I was disappointed, but it turned my thoughts towards PCI in general. Why is this antiquated standard still so common in modern PC parts?
What is PCI?
PCI, short for Peripheral Component Interconnect, hit the mainstream in late 1994. It made its major debut in second-generation Pentium-class systems, but was soon adopted into the not-quite-dead-yet 486 market as well (my dad actually has a 486 with PCI slots). In simple terms, we’re talking about a standard that became common fifteen years ago. Relative to the pace of technology, that’s ancient.
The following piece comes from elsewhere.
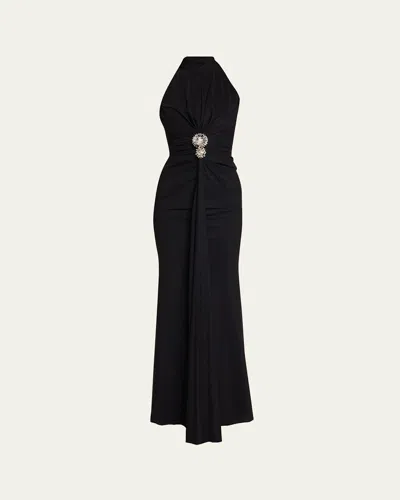 Chiara Boni La Petite Robe Nitsa Floral-embellished Halter Column Gown In Black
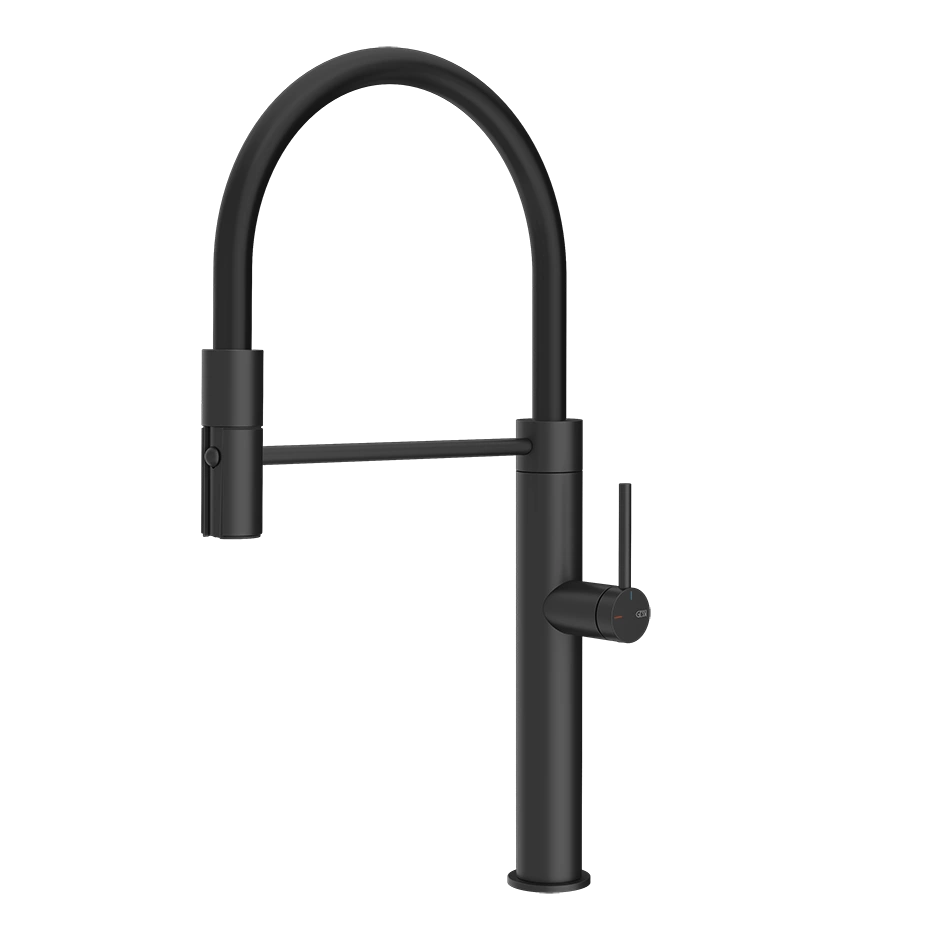 60120 Semi-professional sink mixer with 360° swivel spout and pull-out hand shower.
On technical specifications, PCI is simple: Consumer-grade PCI slots operate on a 32-bit bus which run at 33.33MHz. This gives the PCI bus a maximum transfer rate of 133 megabytes per second, but that’s shared between every PCI device in the computer.
PCI Express
PCI Express 1.0 was introduced by Intel in 2004 to address the growing need for bandwidth that PCI was too old and too slow to provide. PCI Express operates by creating “lanes” between the installed device and the controller. Each lane represents a full-duplex data connection, and at the time of launch, each of these lanes carried 250 megabytes per second. This means that a single x1 PCI Express slot offers nearly double the bandwidth of the entire PCI bus, and it isn’t even shared amongst other devices.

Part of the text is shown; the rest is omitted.